No Good Like It Is

No-Good-Like-It-IsNo Good Like It Is is Historical Fiction in which the protagonists, Lieutenant Dobey Walls and Corporal Jimmy Melton, meet and bond at Fort Gibson, Indian Territory in 1858.

Book One  follows their pre-war western service, then tracks them through their Civil War combat with the Eighth Texas Cavalry (Terry’s Texas Rangers).  They are part of the first and final cavalry charges of the Army of Tennessee, play a strange but factual role in the Fort Pillow Massacre, and ride with Shannon’s Raiders, nipping at Sherman’s flanks into the Carolinas. They also manage to spend some time in the White House (“the second best whorehouse in Atlanta”). Throughout his combat service, Dobey agonizes that he’s had no contact with his family since he left home to go to West Point in 1854.
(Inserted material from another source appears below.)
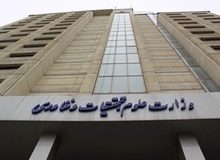 زمان انتخاب وزیر علوم خیلی دور نیست/ رئیس جمهور در حال جمع بندی نهایی برای انتخاب وزیر
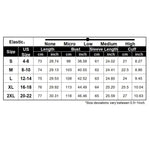 YESFASHION Women Loose Crew Neck Long Sleeve Tops T-shirt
With surrender of the Confederacy imminent, their regimental commander learns where Dobey’s long missing family is and orders the two men to “recon to the West,” in effect to head home before they can be ordered to give up their guns and horses.  Book Two is the story of their trek from North Carolina to the Canadian River in the Texas Panhandle.  Trying to travel light and fast, they’re slowed by encounters with love-starved widows, smugglers, bootleggers, freed slaves and runaways.  Then there are the murderous Home Guard, riverboat thugs, Union deserters, renegade lawmen, a drunken dentist, his prostitute assistant, pitiful refugees, and finally General Stand Watie and his Confederate Cherokees.  From these run-ins, they assemble a small army of strays to accompany them ‘home.’ Does the rag-tag group arrive at Canadian Fort, Texas, in time to save Dobey’s family? Well, certainly not all of them.

This is a winding tale of violence and tolerance, of retribution and changing racial acceptance.  It includes the humor that the author found among men in his two years of combat, but is not so picaresque as “Little Big Man,” nor as black as “No Country For Old Men.”